AILLEURS
L’homme chanceux,
c’est celui qui s’invente
un endroit à trouver…
Yves Thériault
Saint-Élie de Canon, qui se défendit de l’invasion par la bouche de ses refrains, c’est mon village. Un siège de cet écho lointain qui vous habite jusqu’au bout du monde. Enveloppant comme une mélodie de mère berçante dont les notes se croisent sans heurt. Saint-Élie de Canon : un accord signé. Et si la paix impose son lot de sacrifices vocaux, on trouve toujours une miséricorde pour s’en occuper. Babine fut celui qui paya cher le bonheur des autres.
Après toutes ces condamnations accumulées, on comprend bien que notre fou avait l’amour propre lessivé. La nouvelle de son départ récolta une réaction générale.
— Va voir ailleurs !
— C’est où, Ailleurs ?
— C’est par là !
Chez nous, ça fonctionnait ainsi : tu montres la lune, le fou regarde le doigt. Tu montres le doigt, le fou regarde le soleil. Et ce matin-là où Babine décida de se lancer, on lui indiqua l’Est en précisant que c’était loin, mais que ça promettait grand. Il ramassa quelques cossins dans un sac de toile. Il siffla son chien et s’orienta le capot vers le levant.
Quelques jours qu’il mijotait depuis qu’on lui en avait soufflé mot, et Ailleurs avait pris des proportions paradisiaques. Il concevait Ailleurs comme un village de contes. Un patelin parfait. Ailleurs… Saint-Ailleurs de Canon, peut-être. Lui qui n’était jamais sorti de l’alentour restreint, voilà qu’il foulait le chemin de l’utopie. Ses suyiers neufs dans les pieds, ses divagues à l’âme menaient le pas. Il traversa le village pour une dernière fois, le cap à l’Est.
Il passa bientôt la traque de Charette, puis continua vers Saint-Barnabé-Nord. Toujours par là, riant, pour une vie nouvelle. Il fantasmait les habitants de Saint-Ailleurs de Canon, tout de plaisir vêtus, habillés en bonheur deux pièces, de la tête aux pieds. Surtout, il croyait marcher vers un monde où chacun serait un et pas moins. Une place où il ferait partie du tout, où on le prendrait pour autre chose que rien. Enfin, une manière de renouer avec sa première personne du singulier.

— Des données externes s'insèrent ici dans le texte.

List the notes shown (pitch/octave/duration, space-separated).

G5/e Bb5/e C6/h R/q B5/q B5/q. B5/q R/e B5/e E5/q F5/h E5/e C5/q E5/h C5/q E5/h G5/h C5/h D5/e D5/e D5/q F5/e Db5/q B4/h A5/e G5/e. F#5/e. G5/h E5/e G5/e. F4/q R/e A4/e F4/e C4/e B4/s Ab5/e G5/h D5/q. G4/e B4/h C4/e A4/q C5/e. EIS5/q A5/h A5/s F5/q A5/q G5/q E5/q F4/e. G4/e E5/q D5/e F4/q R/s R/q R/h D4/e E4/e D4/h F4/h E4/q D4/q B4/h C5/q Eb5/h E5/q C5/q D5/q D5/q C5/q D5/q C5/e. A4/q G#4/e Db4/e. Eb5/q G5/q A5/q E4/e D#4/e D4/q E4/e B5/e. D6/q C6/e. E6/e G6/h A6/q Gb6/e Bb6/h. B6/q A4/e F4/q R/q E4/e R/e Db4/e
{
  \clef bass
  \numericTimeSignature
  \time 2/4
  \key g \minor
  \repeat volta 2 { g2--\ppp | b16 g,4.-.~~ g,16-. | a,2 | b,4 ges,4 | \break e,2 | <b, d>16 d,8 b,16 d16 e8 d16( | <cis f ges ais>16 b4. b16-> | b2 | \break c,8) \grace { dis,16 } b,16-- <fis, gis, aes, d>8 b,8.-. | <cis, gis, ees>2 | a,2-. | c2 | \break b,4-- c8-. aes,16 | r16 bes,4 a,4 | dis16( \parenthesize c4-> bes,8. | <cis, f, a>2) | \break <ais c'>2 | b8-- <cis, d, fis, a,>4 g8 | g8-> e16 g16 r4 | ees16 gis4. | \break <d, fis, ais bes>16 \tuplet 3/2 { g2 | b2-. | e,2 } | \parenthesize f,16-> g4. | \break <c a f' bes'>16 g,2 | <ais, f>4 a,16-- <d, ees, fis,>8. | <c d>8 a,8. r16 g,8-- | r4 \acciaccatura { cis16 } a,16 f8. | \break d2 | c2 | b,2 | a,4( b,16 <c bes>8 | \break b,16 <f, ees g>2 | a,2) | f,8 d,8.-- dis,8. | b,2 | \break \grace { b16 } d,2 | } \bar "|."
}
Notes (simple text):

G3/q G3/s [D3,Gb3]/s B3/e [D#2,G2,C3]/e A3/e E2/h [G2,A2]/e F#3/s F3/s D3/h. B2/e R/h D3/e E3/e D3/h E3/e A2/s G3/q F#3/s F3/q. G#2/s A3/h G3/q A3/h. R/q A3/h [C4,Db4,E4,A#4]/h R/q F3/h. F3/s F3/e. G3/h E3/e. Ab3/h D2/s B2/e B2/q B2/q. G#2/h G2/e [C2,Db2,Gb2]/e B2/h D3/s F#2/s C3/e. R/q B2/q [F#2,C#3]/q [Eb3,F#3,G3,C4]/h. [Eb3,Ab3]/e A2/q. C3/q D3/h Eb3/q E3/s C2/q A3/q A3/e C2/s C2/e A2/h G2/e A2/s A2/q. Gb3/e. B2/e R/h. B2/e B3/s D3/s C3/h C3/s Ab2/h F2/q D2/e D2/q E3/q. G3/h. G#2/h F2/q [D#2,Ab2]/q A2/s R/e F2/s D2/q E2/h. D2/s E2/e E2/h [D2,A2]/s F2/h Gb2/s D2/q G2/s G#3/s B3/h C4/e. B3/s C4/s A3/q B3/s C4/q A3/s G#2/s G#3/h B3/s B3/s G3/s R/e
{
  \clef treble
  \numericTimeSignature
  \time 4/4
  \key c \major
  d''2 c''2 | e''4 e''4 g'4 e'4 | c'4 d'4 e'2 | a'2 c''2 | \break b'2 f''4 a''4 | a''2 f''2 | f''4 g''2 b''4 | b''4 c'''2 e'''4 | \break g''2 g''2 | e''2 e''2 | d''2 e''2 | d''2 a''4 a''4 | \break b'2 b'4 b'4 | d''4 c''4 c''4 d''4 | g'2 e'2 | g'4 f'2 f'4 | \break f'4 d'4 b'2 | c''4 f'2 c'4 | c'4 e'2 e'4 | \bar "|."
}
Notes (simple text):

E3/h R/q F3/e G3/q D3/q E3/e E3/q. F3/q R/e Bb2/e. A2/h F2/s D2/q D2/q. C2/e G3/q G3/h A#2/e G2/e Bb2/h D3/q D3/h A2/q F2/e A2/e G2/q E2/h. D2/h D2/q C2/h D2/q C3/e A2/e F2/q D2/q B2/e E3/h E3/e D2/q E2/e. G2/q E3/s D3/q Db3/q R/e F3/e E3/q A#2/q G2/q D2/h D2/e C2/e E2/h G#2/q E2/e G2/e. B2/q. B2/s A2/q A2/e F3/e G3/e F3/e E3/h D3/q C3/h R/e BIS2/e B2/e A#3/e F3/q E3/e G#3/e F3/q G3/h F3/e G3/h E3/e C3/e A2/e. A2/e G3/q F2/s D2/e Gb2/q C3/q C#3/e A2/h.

Puis il tenait bon. Il passa le rang de la Grande Rivière, traversa Yamachiche. Toujours par là, sans dévier d’un degré…
***
Arrivé au soir, il n’avait encore déniché aucune pancarte affichant sa destination où quelque non similaire. Il pensa en lui-même que la route s’allongeait plus que prévu. Et en même temps qu’il craignait d’avoir manqué une fourche, il se consolait que plus ça allait être loin, plus il aurait le loisir de se faire de l’idée. Moins il arriverait à destination et plus le rêve resterait intact longtemps. Avec un peu de chance, il pourrait inventer en inventorier mentalement tous les petits racoins de sa nouvelle ville. Plus c’est loin, et plus on voit grand.
La nuit lui tomba dans les jambes. Fatigué, il franchit le fossé pour se racotiller en petite boule dans les herbes hautes. Il se déchaussa, se fit une tranche de pain beurrée de misère. Avant de s’endormir, il prit soin de vérifier que ses suyiers soient bien en place. Pour se rappeler là où il allait, il les stationna pointant vers l’Est. Comme ça, dès le réveil, il partirait de l’avant. Ça lui éviterait les détours. La tête sur son baluchon, son chien couché le long de son dos, Babine marcha pieds nus sur le chemin des songes. Ses suyiers restèrent éveillés, toujours à l’affût de la visée de demain.